After a successful run of his self-penned, one-act play Donna/Madonna, Karliak shot across country for multiple performances in New York City. Now, he’s heading back to the west coast for more showings in San Francisco and – I’m sure – plenty of other venues to come.

The play is autobiographical about his life experiences as an adopted child, and Karliak says it’s “99.9 percent true.”

“I started writing it two years ago about my experience with adoption,” he said in a telephone interview last month. “It focuses on my adoptive mom.”

John Paul Karliak grew up in Scranton, where he was adopted as a baby. He attended college in Washington D.C. for two years before moving to Los Angeles and completing his degree at the University of Southern California.

“I wanted to be more in an entertainment capital,” he said about his decision to head west. Hollywood was the logical choice.

While Donna/Madonna tells the story of his adoptive mother, Karliak did come to know – and eventually meet — his birth mother about six years ago.

“She is almost a polar opposite of my adoptive mom,” he said. They continue to enjoy a special relationship that is growing.

The experience of meeting his birth mother was “strange, wonderful, exciting,” he recalled and “represented all the facets of nature versus nurture.”

Life experiences were the central motivation for the script he ultimately penned over the course of several months.

“It focuses on my mom and her strength and tenacity,” he said. “There are wonderful qualities and bravery that I attribute to my birth mother as well.”

The play completed its Los Angeles run in August, but not before Karliak’s birth mother was able to attend a performance.

“She was very happy with it,” he said. “It was wonderful.”

In his spare time, Karliak starys busy with other projects. He recently completed shooting an episode of “Ringer” for the CW network, starring Sarah Michelle Geller which will air this fall.

“That’s my first professional television gig,” he said. He also does theater and voice over work to keep busy and pay the bills.

But Donna/Madonna is a major focus of his time and attention, and earned him the coveted 2010 United Solo Theatre Festival Best One Man Show Award.

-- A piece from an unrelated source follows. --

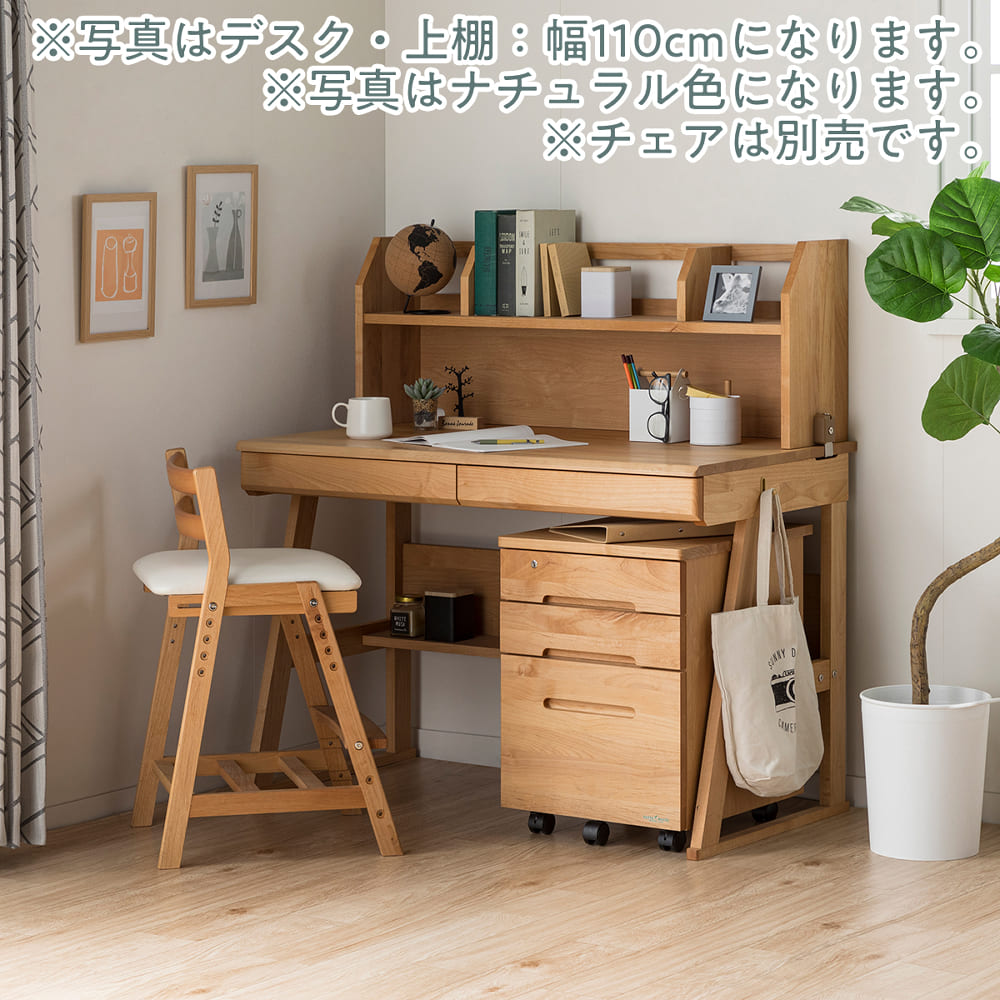 ☆デスクセット グリット3383 110（ノーマル袖）ナチュラル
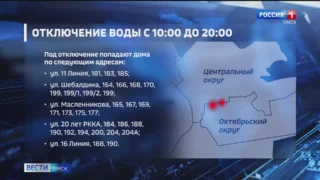 В Октябрьском округе Омска без холодной воды останутся десятки домов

“I workshopped it last fall as a tribute to my mother,” he said. “A lot of people came up to me with their own adoption stories.” Nearly every show will bring one or more people forward to tell him how they were impacted by adoption. Donna/Madonna is a release for them.

The outpouring of support from fellow adoptees led Karliak to associate with Kinship Center, a non-profit agency with locations throughout central and southern California. Their mission is to put and keep families together – something Karliak says is important to him.

“Their care is so complete,” he said. Kinship Center provides mental health care and family counseling to supporting extending families. A portion of the ticket sales to each of his show appearances goes to support the organization.

“I feel that by promoting the family care they offer, I’m telling my mom ‘I love you’ in a whole new way,” Karliak wrote in an autobiographical article about the show.

That love is undeniable.

“She is an incredibly powerful, strong, nurturing woman,” he said at the end of our interview. “I wouldn’t be here without her.”

For JP’s mother, the ultimate compliment came with his closing words.

“My mom is my hero.”

What a great person to be inspired by.